In the last years, a great amount of radio integrated circuits have appeared in the market. The availability of this kind of components has enabled the apparition of a new sort of applications: wireless sensor networks. In these systems, sensors are not located in the very same circuit, but they work as isolated complete autonomous systems. Thus, they can monitor and control physical magnitudes, which are distributed in a large geographical area. However, in order to keep these systems economically feasible, the price of each node (both in for its design and its production) must be kept to a minimum. The most important advantage of these systems is redundancy: if a large amount of sensors take part in the network, the absence of a particular node (e.g. due to some hardware failure) does not have a great impact in the overall performance, because a new node will take charge of its duties, until the problem is solved.

Nevertheless, the cooperation among such a huge amount of nodes is not a simple task: as all sensors in the network must have the same hardware and software and they are all limited in terms of energy consumption and computing power, the protocols used in this kind of networks must be carefully designed for the strong characteristics of this environment. In this case, the cooperation tasks may be simplified greatly if the location of each node and the overall network topology are known. The large amount of nodes makes the manual specification of the position impossible, requiring an automatically location system discovering algorithm, so that each node can calculate its own position.

In this thesis a new algorithm for finding a node's position is proposed and developed. In order to calculate this location, the distances between the node and some beacons are used. Since low cost nodes are used, the quality of these measurements is supposed not to be very high and, therefore, errors will appear. The algorithm described here tries to find the best position for the node, even in the presence of errors in the measurements.

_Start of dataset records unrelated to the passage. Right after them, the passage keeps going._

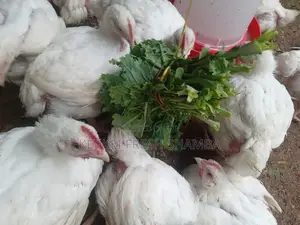 Chicken On Sale,No Chemicals,No Medication Of Any Sort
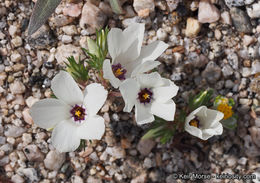 Image of sandblossoms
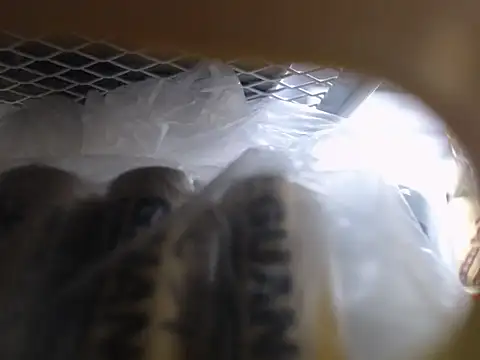 Snapshot of Lovensetest chatting on 10.11.25 Lovensetest online show from 10.11.25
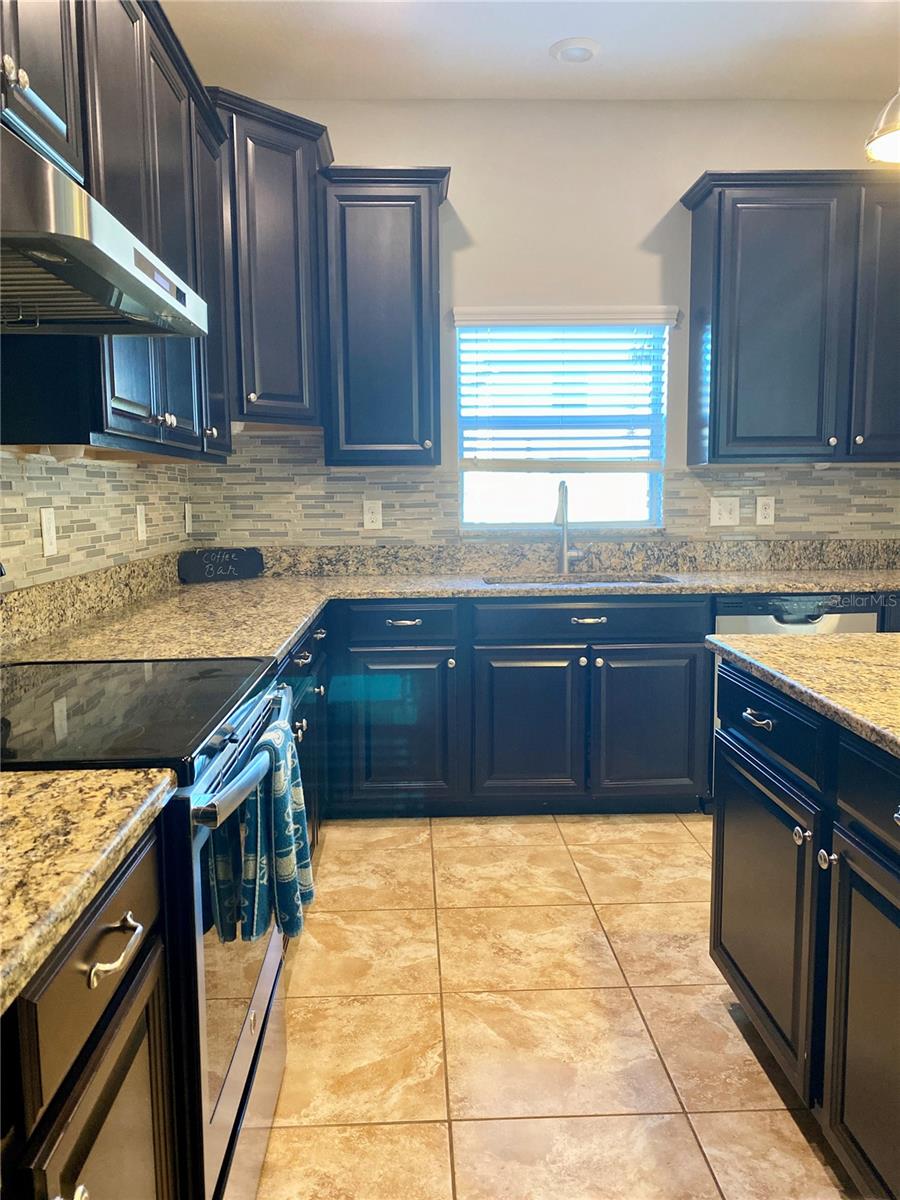 18281 THATCHAM CT, LAND O LAKES, FL, 34638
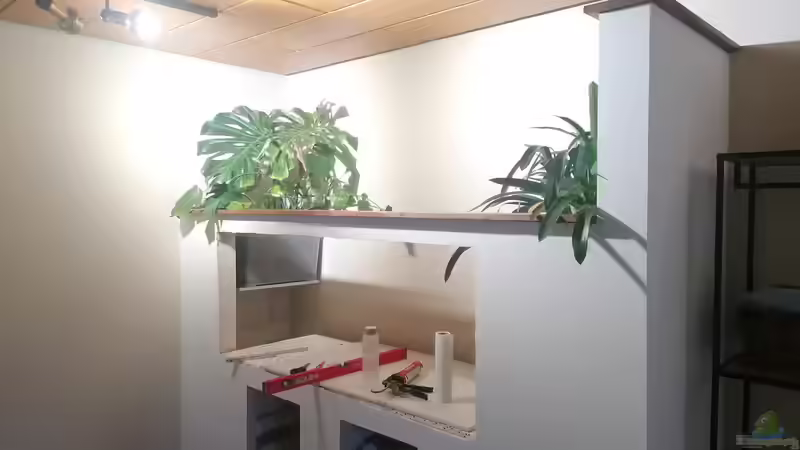 Aquarium Feine Gesellschaft aus Südamerika von DaLi (9)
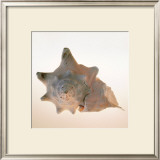 Buy Conch at AllPosters.com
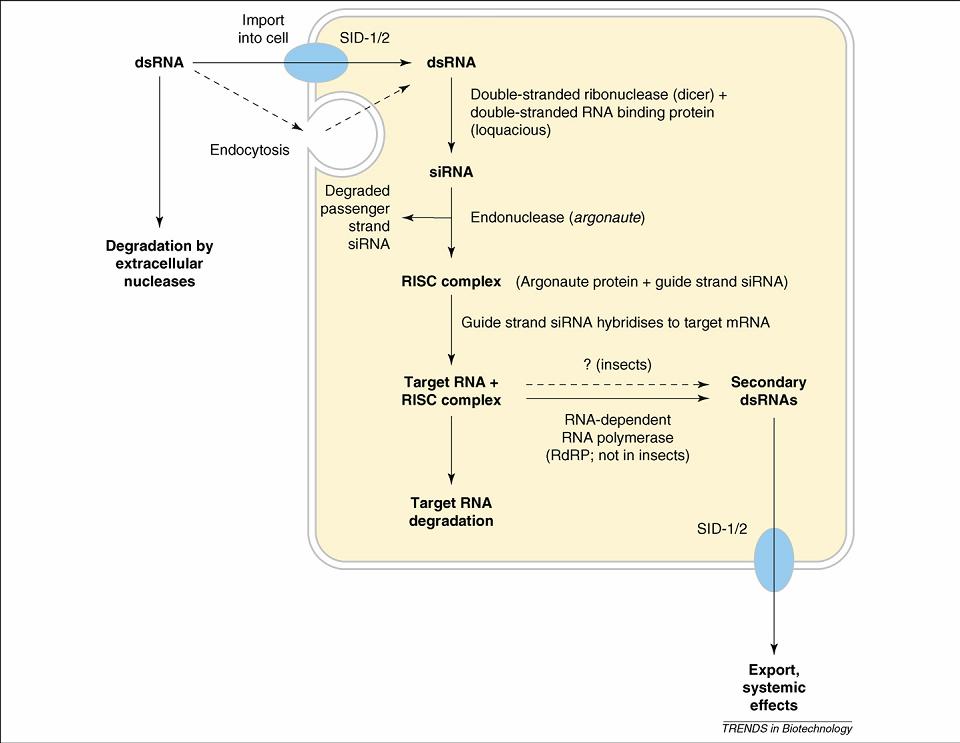 αλυσίδας RNA σε sirna φαίνεται να καθοδηγείται από τις μεταγραφικά τελικές ανάστροφες επαναλήψεις των τρανσποζονίων.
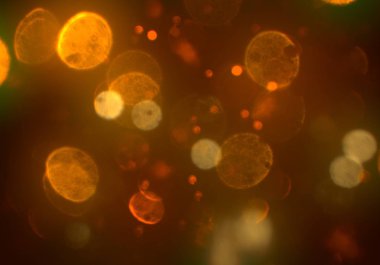 Bokeh ile soyut arkaplan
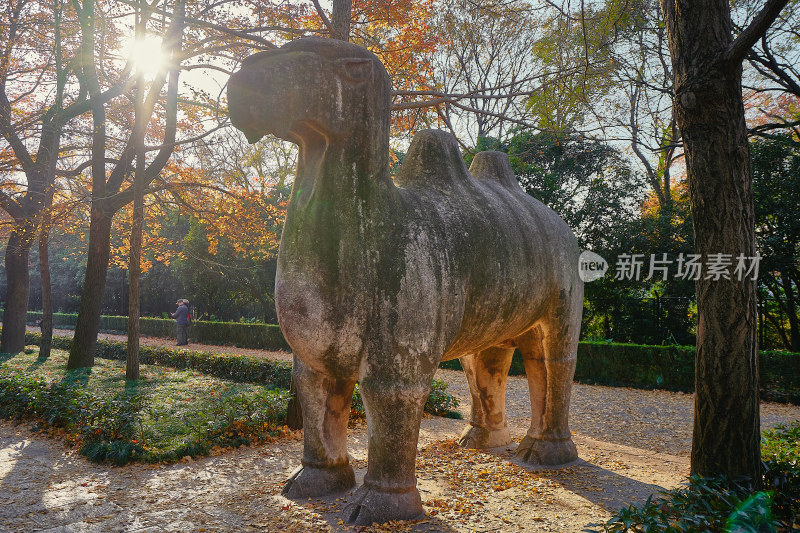 南京中山石像路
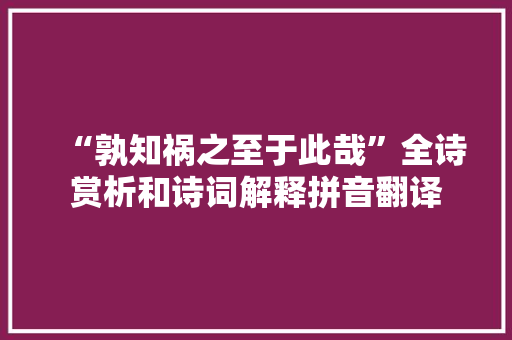 “孰知祸之至于此哉”全诗赏析和诗词解释拼音翻译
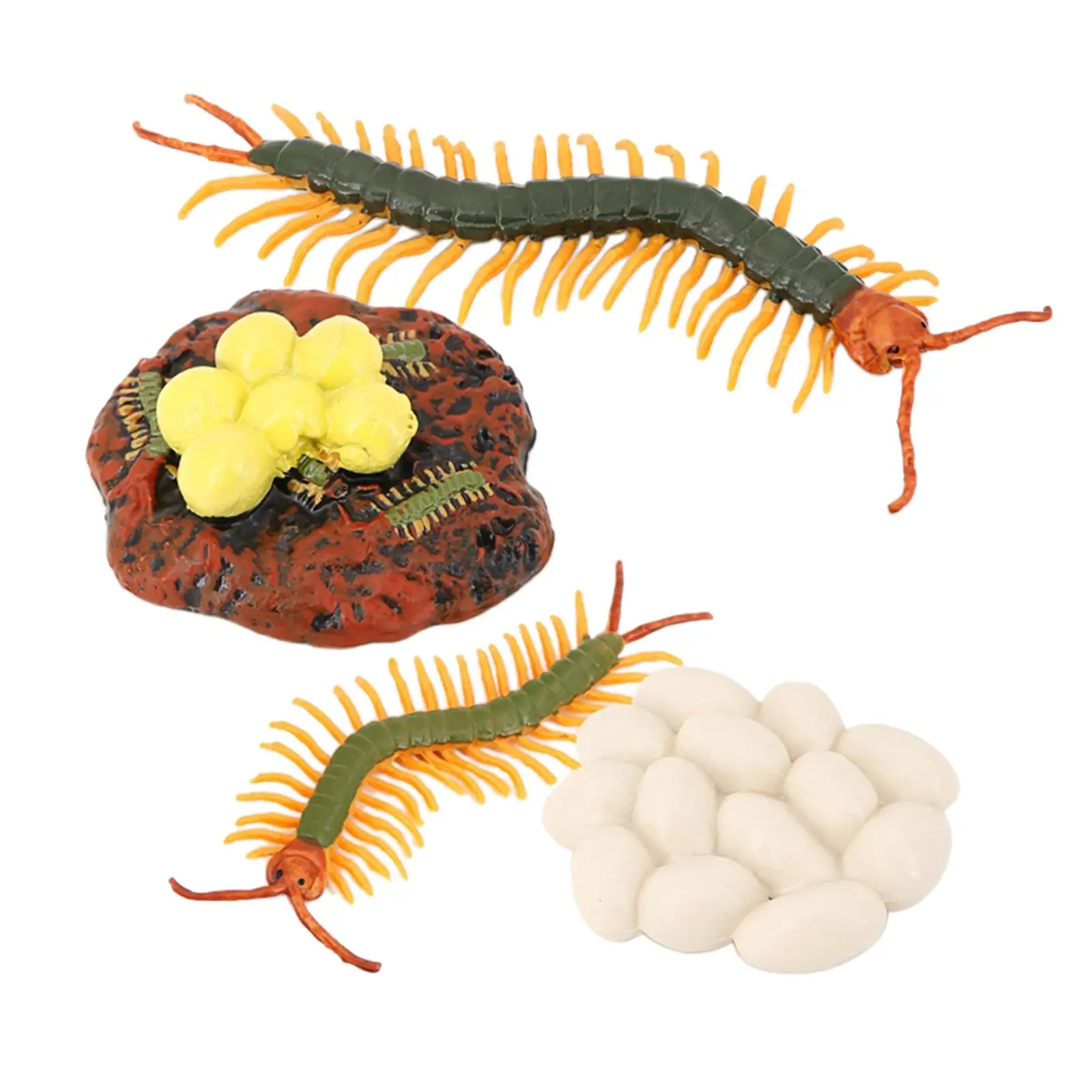 4 Stages Life Cycle of a Centipede,  Centipede Toy Figure  Painted Model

Last, in order to examine the results of this algorithm, a simulation platform has been designed. By using this platform, the algorithm proposed in this thesis has been compared with other algorithms used in the recent years, to analyze what kind of computational load it imposes to the node and how it behaves in the presence of measurement errors. In addition, the algorithm has been implemented in a real node, showing that it is perfectly feasible in the environment, for which it has been designed.